The Anatomy of Melancholy- Cy Twombly at the Menil

On a recent trip to the Menil Collection with mother and younger brother we went to see the new exhibit called “The Beginning of Everything,” a temporary exhibit of drawings that included pieces from Cézanne to Ellsworth Kelly spanning decades of works on paper, and to stop for a light lunch at the delicious Bistro Menil for salad and eggplant fries. But we ended up stumbling upon a hidden gem that was positively amazing–The Cy Twombly Gallery. It was only that day that I heard about the gallery and as a dedicated Cy Twombly fan, I had to incorporate it into our day–but it turned out to be the main event.

When we walked through the glass doors into a large, empty, white room, with grey-tinged air, I was taken aback by the most striking painting I think I have ever seen. Three panels, untitled, with ‘The Anatomy of Melancholy’ scrawled in the middle, it was so striking that I actually awed out loud.

52 feet long, 13 feet high and completed over 22 years, Untitled (Say Goodbye to Catullus, to the Shoes of Asia Minor), is a stark progression of color, from small, boat-shaped black cuts to pink, red, yellow balls of color, detailing a journey of sadness and sacrifice to love and fulfillment.

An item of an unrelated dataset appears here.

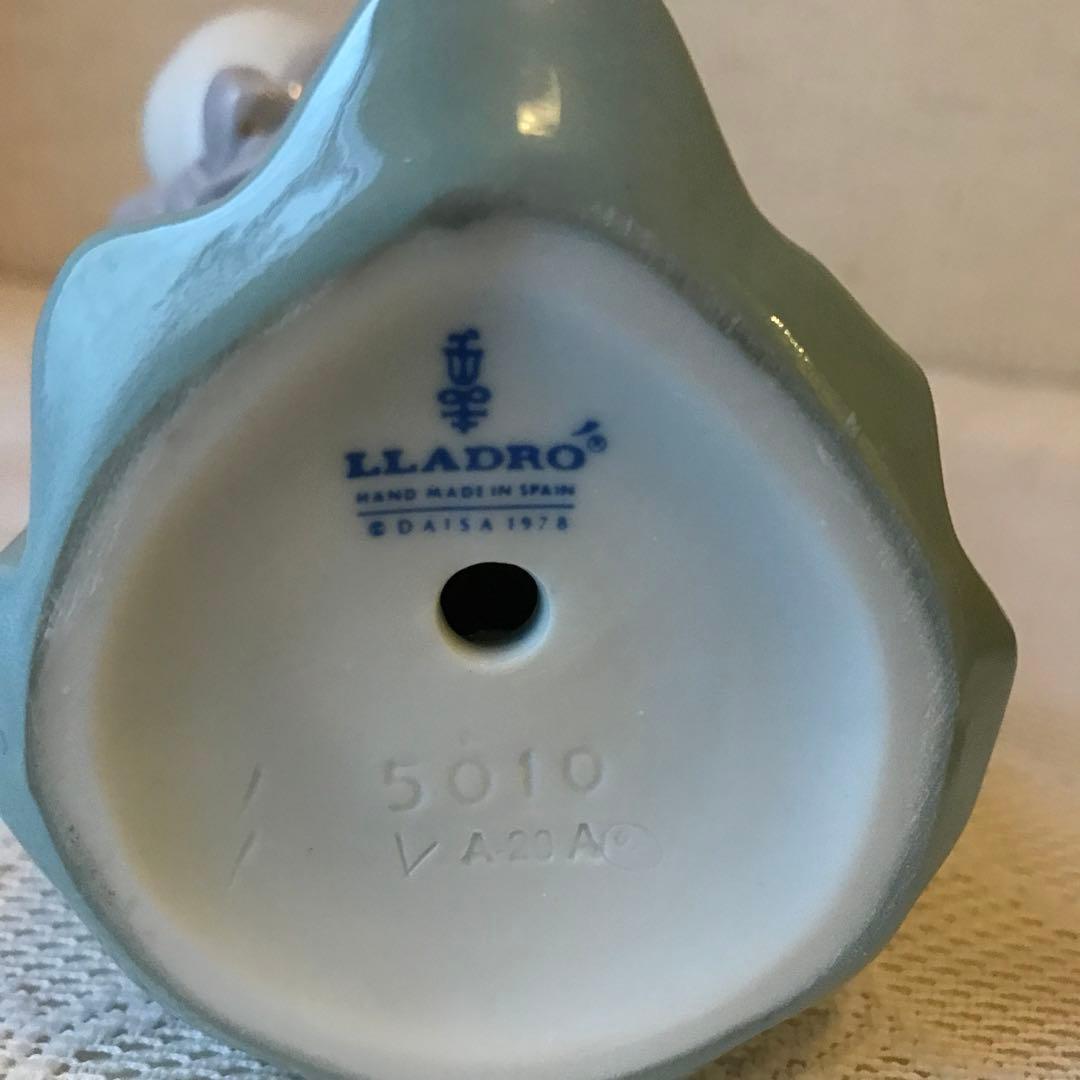 リヤドロ　なびかせて/若草色の少女/5010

Enigmatically, Twombly wrote ‘ORPHEUS’ on the center panel, and above that in red, ‘The Anatomy of Melancholy.’ These words indicate the journey of Orpheus to the underworld to save his love, Eurydice. The journey starts with a sparsely painted canvas, containing charcoal tally marks, then as you view the painting (left to right), there is a steep acclivity of color. Bursts of vibrant yellow, orange, pink and blue explode on the canvas. Finally, on the end panel Twombly faintly scrawled Rilke prose reading, “and yet there on the other shore under the dark gaze/ Sun in your eyes, you were there/ the other side, the other dawn, the other birth/ and yet there you were in the vast time.”All of these elements of the painting–the pale-gray canvas, the color explosions, and the poetry–come together to make a cohesive and full story. The journey (although ultimately unsuccessful) progresses from pale loneliness, to colorful happiness as it follows a Orpheus’s from a life devoid of his love–shown in from grey and sharp black–to brilliant bursts of hope signified by the rainbow of colors.

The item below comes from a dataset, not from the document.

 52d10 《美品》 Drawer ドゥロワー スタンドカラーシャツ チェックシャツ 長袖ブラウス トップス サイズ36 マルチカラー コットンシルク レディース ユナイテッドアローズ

It is under these brilliant bursts of color that the main key to deciphering this painting is written. In iconic Twombly scribble, the Rilke poem about the other about an elusive person he is longing for on “the other side” is written. The poem connects to the universal story of Orpheus and Eurydice. This other side is the divide separating the lovers. Although the bursts of color give the painting great vibrancy it is underpinned by muted gray backdrop. The color may allude to the eerie shroud of the underworld, where Eurydice will be trapped forever, or to make Orpheus’s colorful love for her stand out even more.

What I love about this painting, and Twombly in general, is that he can paint such an vivid story of a journey of love through the most simple painting techniques.  His mastery lies in his ability to tell such an intricate story and convey the complexities of the emotions of the characters in them with great immediacy and ease.

The fleeting minutes I got to spend with this painting were inspiring and up-lifting. I am so excited to have found this gallery, and I hope more people will find it, because it really is a testament to Twombly’s brilliance as an artist and storyteller.

Poetry detail in Untitled (Say Goodbye, Catullus, to the Shores of Asia Minor)
Detail of left panel of Untitled (Say Goodbye, Catullus, to the Shores of Asia Minor)

2 thoughts on “The Anatomy of Melancholy- Cy Twombly at the Menil”

  1. Lovely, vivid critique Julia. It’s one of my favorite galleries at the Menil. Ariel and I stumbled upon it during a WITS program. It was awe-inspiring as are you.